In the third and final screening stage, model selection is performed from the union of the screened effects from the first stage (which are shown in Output 12.4.4) and the selected effects from the second stage (which are shown in Output 12.4.7). The selected effects from this final stage are shown in Output 12.4.8.

Output 12.4.8: Final Stage Selected Effects

Selected Effects:	Intercept xIn1 xIn2 xIn3 xIn4 xIn5 xIn6 xIn7 xIn8 xIn9 xIn10 xIn11 xIn12 xIn13 xIn14 xIn15 xIn16 xIn17 xIn18 xIn19 xIn20 xIn21 xIn22 xIn23 xIn24 xIn25 xOut6 xWeakIn1 xWeakin2 cIn1 cIn2 cIn3 cIn4 cIn5

You see that the final selected model contains all the true underlying model effects and just one noise effect (xOut6).

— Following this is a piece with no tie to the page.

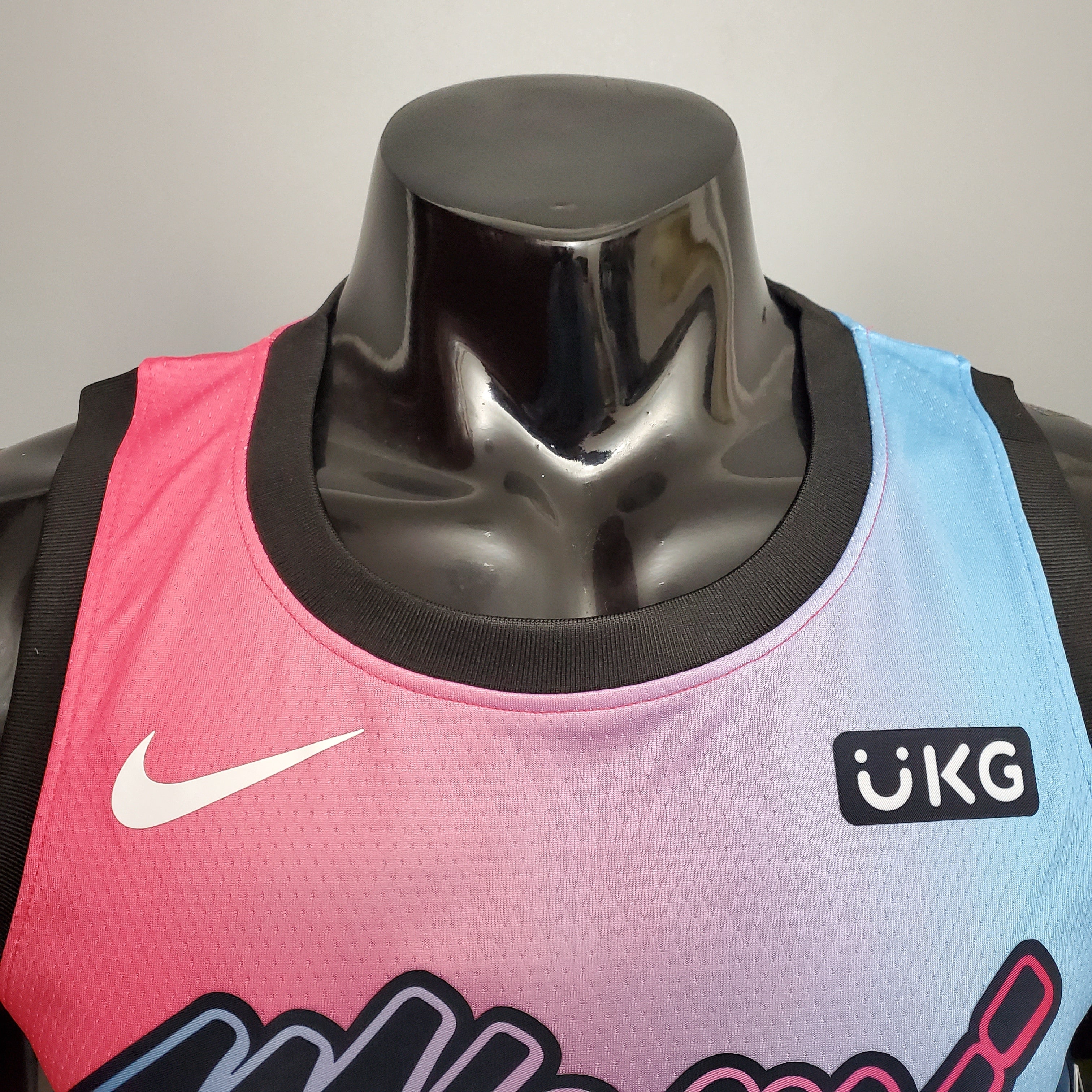 Regata NBA Miami Heat - Hero #14 City Edition Pink Blue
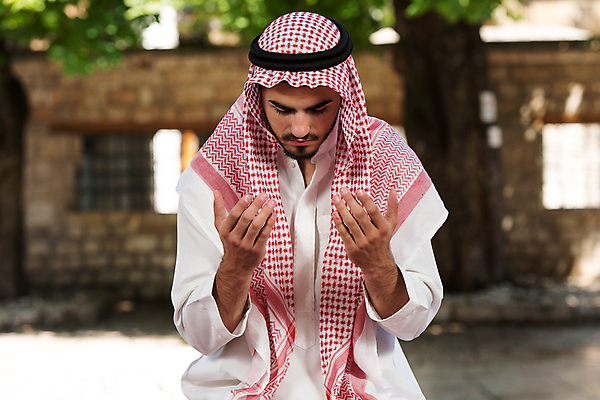 포토 JPG 해외이미지 1 전통 옷 남자 종교 문화 청소년 수염 한명 사람 인종 야외 머리 믿음 목도리 흰색 기도 비즈니스맨 영혼 이슬람교 호기심 모스크 머리장식 신성 동쪽 사우디아라비아 아랍에미리트 숭배 아랍어 터번 해외202004 해외포토 잡화 감정 컬러 컨셉 비즈니스 중동 신체부위 장식 직장인 방향 파일형식 이미지허브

Because you specified the DETAILS option in the PERFORMANCE statement, the “Timing” table shown in Output 12.4.9 is displayed.

Output 12.4.9: Timing for Model Selection with Screening

Procedure Task Timing
Task	Seconds	Percent
Reading and Levelizing Data	3.65	18.15%
Loading Design Matrix	3.59	17.84%
Computing Moments	2.82	14.04%
Computing Cross Products Matrix	3.40	16.91%
Performing Model Selection	6.64	33.05%

You see that even though the selected model was obtained by selecting from thousands of effects, screening enabled the entire modeling task to be completed in about 20 seconds. You can perform the same model selection without screening as shown in the following statements:


 proc hpreg data=ex4Data;
     class c: ;
     model y = x: c: ;
     selection method=forward;
     performance details;
 run;

In this case, the model that is selected without screening is identical to model that is obtained with screening. However, there is no guarantee that you will get identical selected models. Output 12.4.10 shows the “Timing” table for the model selection without screening.

Output 12.4.10: Timing for Model Selection without Screening

Procedure Task Timing
Task	Seconds	Percent
Reading and Levelizing Data	3.42	1.18%
Loading Design Matrix	0.83	0.29%
Computing Moments	0.47	0.16%
Computing Cross Products Matrix	110.18	38.09%
Performing Model Selection	174.41	60.29%

You see that the model selection without screening took about 290 seconds, which is substantially slower than the approximately 20 seconds it took when screening was included in the selection process.